8496182395_6921c8349b_z.jpg

Chestnut gnocchi, with winter root vegetables (parsnips, carrots) and mushrooms (champignon and oyster mushrooms)


8497285724_d5086ed032_z.jpg

Carrot and cauliflower confit

Imagine the softest, lusciousliest (is that even a word? well, it is now) cauliflower and carrots you've ever tasted, infused with garlic, cumin and lemon, and sparked with a flash of cayenne. The confit liquid, which was the olive oil they were slow-roasted in, is worth the price of admission.

Adapted from this recipe by Jean-Georges Vongerichten, of Jean Georges (New York), Pump Room (Chicago) and Mercato (Shanghai) -- http://www.nytimes.c...-And-Cumin.html

There are a few differences between JGV's original and the pic above, namely the lemon zest/lemon juice, capers, marjoram and cauliflower. Otherwise, it's as written.

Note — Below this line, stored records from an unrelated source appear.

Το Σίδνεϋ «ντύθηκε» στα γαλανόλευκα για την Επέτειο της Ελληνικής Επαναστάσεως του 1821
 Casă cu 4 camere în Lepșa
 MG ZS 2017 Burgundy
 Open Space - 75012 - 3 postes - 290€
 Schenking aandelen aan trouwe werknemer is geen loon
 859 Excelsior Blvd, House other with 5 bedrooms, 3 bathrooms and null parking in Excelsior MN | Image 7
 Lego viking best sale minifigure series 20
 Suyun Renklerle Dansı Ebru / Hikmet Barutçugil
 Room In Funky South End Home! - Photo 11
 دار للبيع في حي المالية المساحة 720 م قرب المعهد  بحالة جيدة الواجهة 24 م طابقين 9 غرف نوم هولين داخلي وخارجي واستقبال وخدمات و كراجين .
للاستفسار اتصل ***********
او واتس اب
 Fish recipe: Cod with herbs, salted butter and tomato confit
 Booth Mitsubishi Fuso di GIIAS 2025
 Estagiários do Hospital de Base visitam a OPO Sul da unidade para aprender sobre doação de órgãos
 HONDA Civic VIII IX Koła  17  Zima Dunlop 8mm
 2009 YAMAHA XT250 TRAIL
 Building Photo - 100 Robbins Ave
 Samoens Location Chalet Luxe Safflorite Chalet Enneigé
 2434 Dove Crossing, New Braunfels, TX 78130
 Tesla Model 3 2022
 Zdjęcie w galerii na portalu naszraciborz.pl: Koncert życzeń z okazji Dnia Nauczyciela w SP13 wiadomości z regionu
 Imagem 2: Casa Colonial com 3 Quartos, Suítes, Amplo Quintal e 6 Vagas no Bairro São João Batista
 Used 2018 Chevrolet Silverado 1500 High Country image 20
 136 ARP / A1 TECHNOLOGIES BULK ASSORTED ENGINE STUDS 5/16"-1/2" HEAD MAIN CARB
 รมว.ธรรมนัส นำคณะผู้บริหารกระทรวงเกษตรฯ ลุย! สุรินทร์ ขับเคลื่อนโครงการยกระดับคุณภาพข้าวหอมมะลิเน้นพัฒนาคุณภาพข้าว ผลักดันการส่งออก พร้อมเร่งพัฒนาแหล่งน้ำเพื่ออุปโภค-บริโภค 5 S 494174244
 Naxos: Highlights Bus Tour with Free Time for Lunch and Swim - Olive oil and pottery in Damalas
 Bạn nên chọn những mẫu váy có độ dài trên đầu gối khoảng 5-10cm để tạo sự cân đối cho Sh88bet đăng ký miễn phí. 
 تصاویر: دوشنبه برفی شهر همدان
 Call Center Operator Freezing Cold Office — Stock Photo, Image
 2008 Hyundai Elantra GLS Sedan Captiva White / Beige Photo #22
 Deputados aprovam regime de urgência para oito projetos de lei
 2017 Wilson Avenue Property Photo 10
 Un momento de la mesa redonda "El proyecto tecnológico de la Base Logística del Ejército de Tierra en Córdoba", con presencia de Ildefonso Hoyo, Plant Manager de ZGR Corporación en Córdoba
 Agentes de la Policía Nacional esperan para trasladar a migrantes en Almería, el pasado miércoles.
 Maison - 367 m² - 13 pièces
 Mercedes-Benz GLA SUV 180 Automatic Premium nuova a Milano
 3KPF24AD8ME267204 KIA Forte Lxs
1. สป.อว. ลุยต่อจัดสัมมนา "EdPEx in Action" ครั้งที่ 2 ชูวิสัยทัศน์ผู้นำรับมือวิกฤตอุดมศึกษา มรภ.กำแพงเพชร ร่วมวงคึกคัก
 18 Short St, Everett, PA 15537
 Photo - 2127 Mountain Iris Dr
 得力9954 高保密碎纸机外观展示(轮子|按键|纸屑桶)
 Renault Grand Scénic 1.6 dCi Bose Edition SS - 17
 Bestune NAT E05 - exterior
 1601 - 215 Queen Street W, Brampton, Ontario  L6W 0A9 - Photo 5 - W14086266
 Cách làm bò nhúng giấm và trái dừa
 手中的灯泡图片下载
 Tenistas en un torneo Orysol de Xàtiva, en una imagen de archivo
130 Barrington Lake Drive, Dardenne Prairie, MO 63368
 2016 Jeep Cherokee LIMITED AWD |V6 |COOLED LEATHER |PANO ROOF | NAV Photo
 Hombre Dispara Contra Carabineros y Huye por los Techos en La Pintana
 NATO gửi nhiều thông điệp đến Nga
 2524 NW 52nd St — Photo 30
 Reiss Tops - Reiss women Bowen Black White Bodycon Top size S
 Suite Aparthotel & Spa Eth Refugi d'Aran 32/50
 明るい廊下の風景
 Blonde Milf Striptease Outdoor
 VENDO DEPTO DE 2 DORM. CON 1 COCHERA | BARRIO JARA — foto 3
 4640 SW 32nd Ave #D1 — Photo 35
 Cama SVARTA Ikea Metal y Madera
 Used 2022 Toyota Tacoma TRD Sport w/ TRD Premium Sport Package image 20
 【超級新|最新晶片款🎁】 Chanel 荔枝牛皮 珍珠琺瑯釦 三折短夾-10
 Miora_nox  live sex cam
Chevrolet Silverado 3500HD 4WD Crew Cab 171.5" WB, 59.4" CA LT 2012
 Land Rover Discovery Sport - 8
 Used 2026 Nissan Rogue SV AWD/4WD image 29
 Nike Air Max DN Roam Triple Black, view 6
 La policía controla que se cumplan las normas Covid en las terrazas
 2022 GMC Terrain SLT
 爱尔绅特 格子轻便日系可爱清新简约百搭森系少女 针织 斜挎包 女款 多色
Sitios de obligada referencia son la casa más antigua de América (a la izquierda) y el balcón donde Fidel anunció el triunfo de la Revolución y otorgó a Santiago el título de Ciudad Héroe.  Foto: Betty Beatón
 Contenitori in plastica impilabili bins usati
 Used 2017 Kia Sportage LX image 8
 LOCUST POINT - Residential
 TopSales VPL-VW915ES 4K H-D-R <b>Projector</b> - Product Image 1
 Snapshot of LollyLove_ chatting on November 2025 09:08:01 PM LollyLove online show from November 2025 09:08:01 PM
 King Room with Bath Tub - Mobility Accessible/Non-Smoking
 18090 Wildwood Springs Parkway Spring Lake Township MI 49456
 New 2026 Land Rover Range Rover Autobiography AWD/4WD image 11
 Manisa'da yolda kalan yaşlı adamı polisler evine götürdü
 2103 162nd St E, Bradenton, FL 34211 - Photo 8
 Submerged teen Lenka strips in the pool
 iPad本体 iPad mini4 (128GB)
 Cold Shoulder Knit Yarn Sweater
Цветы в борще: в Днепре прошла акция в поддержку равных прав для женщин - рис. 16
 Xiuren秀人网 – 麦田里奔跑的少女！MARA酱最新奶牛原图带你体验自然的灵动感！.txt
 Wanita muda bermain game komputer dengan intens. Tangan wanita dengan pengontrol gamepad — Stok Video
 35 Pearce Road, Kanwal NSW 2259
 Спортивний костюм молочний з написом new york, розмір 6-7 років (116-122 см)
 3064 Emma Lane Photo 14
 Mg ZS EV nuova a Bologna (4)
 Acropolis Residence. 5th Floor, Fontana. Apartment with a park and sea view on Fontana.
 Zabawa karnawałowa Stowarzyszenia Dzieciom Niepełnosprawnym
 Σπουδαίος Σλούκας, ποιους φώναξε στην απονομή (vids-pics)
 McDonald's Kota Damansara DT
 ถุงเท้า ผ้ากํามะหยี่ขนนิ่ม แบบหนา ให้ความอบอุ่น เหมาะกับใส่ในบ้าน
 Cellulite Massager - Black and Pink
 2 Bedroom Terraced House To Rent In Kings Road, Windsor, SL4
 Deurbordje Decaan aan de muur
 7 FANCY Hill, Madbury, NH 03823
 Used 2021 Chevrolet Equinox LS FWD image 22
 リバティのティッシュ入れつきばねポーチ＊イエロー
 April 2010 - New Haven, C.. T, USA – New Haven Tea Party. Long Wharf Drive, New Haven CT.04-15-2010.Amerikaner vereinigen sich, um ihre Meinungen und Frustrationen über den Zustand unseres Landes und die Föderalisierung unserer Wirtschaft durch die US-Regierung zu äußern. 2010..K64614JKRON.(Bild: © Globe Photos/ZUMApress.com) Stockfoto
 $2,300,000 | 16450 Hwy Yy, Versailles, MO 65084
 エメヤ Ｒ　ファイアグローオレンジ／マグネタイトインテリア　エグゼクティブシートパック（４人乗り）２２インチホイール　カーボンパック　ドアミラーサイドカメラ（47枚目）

8496182573_6465b31c44_z.jpg

"Eggs and things"

You can think of it as a 'reverse frittata', one where the filling is the star of the show. In this case, it's beet greens. The eggs are supposed to be shredded. (I think I used 2 eggs, instead of my usual 3-4). Sometimes there'll be cheese or fried breadcrumbs, or plain as you see here, save for a drizzle of extra-virgin olive oil.

In the past, I've had this with spinach and tomatoes, or with ramps and potatoes. Just an idea for those of you who might be inclined.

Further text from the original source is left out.